### Task to complete
With the pictures left aside, write out the entries that follow exactly.

------------

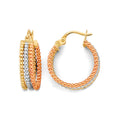14K 3C 3Line Hoop Earring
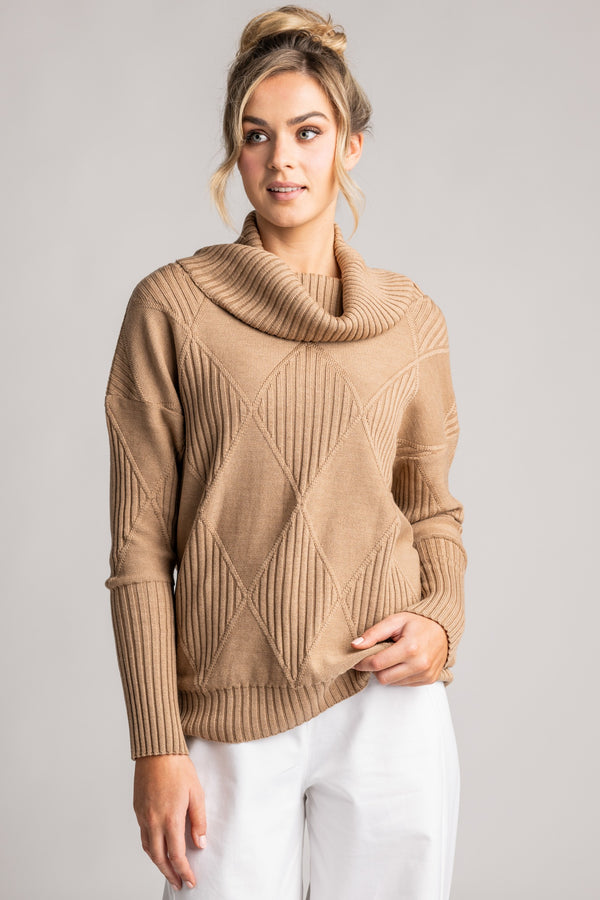 PAULA RYAN Diamond Rib Sweater - Merino Camel - Paula Ryan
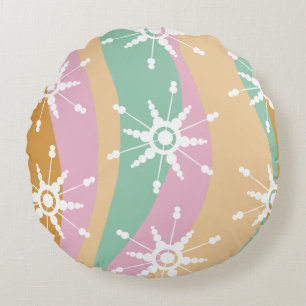Tie Dye Liquid Retro Groovy Christmas Beige Green  Round Pillow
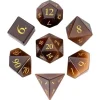 Udixi Dice Gemstone Poly Cat's Eye Brown /Gold (7)* Sett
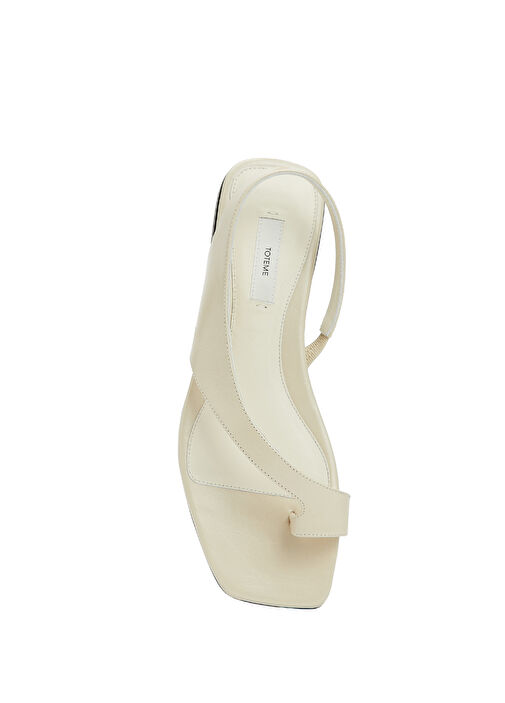 Beyaz Kadın Deri Sandalet - Görsel 5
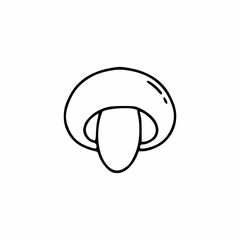 Mushroom champignon drawn by hand with a black contour line. Icon in the style of Doodle. Vector illustration with ingredients for cooking.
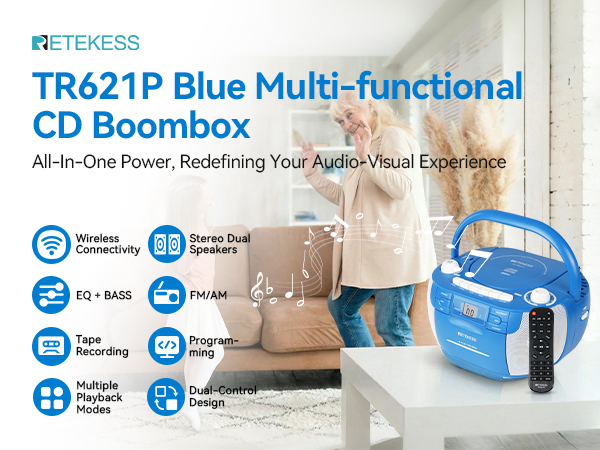TR621P Blue Multi-functional CD Boombox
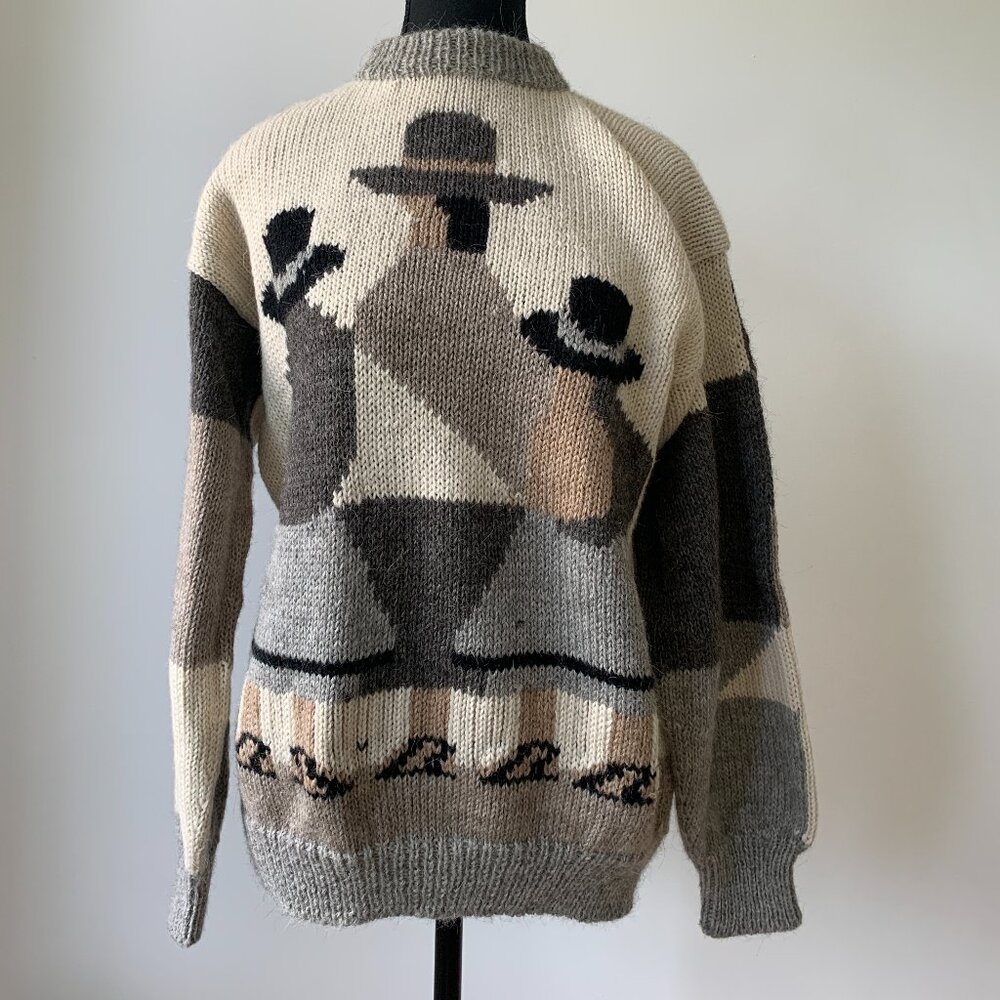 Vintage Neutral Coloured Peruvian Wool Sweater with Peasant Life Motifs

------------

### Exercise answer
14K 3C 3Line Hoop Earring
 PAULA RYAN Diamond Rib Sweater - Merino Camel - Paula Ryan
Tie Dye Liquid Retro Groovy Christmas Beige Green  Round Pillow
 Udixi Dice Gemstone Poly Cat's Eye Brown /Gold (7)* Sett
 Beyaz Kadın Deri Sandalet - Görsel 5
 Mushroom champignon drawn by hand with a black contour line. Icon in the style of Doodle. Vector illustration with ingredients for cooking.
TR621P Blue Multi-functional CD Boombox
 Vintage Neutral Coloured Peruvian Wool Sweater with Peasant Life Motifs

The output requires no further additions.